Tobin Township is one of seven townships in Perry County, Indiana, United States. As of the 2020 census, its population was 690 and it contained 383 housing units.

Historical population
| Census | Pop. | Note | %± |
| 1890 | 2,315 |  | — |
| 1900 | 2,272 |  | −1.9% |
| 1910 | 1,824 |  | −19.7% |
| 1920 | 1,584 |  | −13.2% |
| 1930 | 1,393 |  | −12.1% |
| 1940 | 1,312 |  | −5.8% |
| 1950 | 1,002 |  | −23.6% |
| 1960 | 726 |  | −27.5% |
| 1970 | 776 |  | 6.9% |
| 1980 | 901 |  | 16.1% |
| 1990 | 684 |  | −24.1% |
| 2000 | 709 |  | 3.7% |
| 2010 | 768 |  | 8.3% |
| 2020 | 690 |  | −10.2% |
Source: US Decennial Census

==History==
Several members of the Tobin family were among the pioneer settlers who arrived to Tobin Township in the 1810s.
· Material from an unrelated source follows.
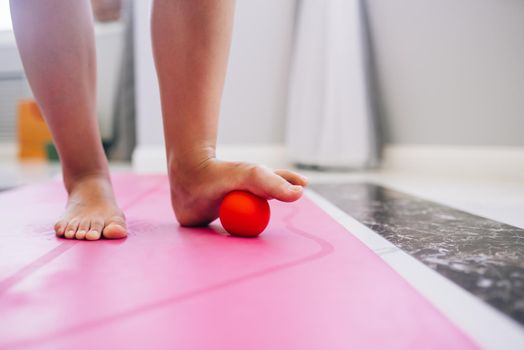 Woman massages the foot with a ball. The ball will apply pressure to the painful spot and raise the procedure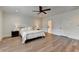Spacious bedroom featuring hardwood floors, white walls, and a ceiling fan at 1006 Fendley St, Woodstock, GA 30188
The crash of Northwest Orient Airlines Flight 710, which killed 63 people on March 17, 1960, occurred in Tobin Township.

The Old Perry County Courthouse was listed on the National Register of Historic Places in 1981.

==Geography==
According to the 2010 census, the township has a total area of 65.55 sqmi, of which 63.91 sqmi (or 97.50%) is land and 1.65 sqmi (or 2.52%) is water.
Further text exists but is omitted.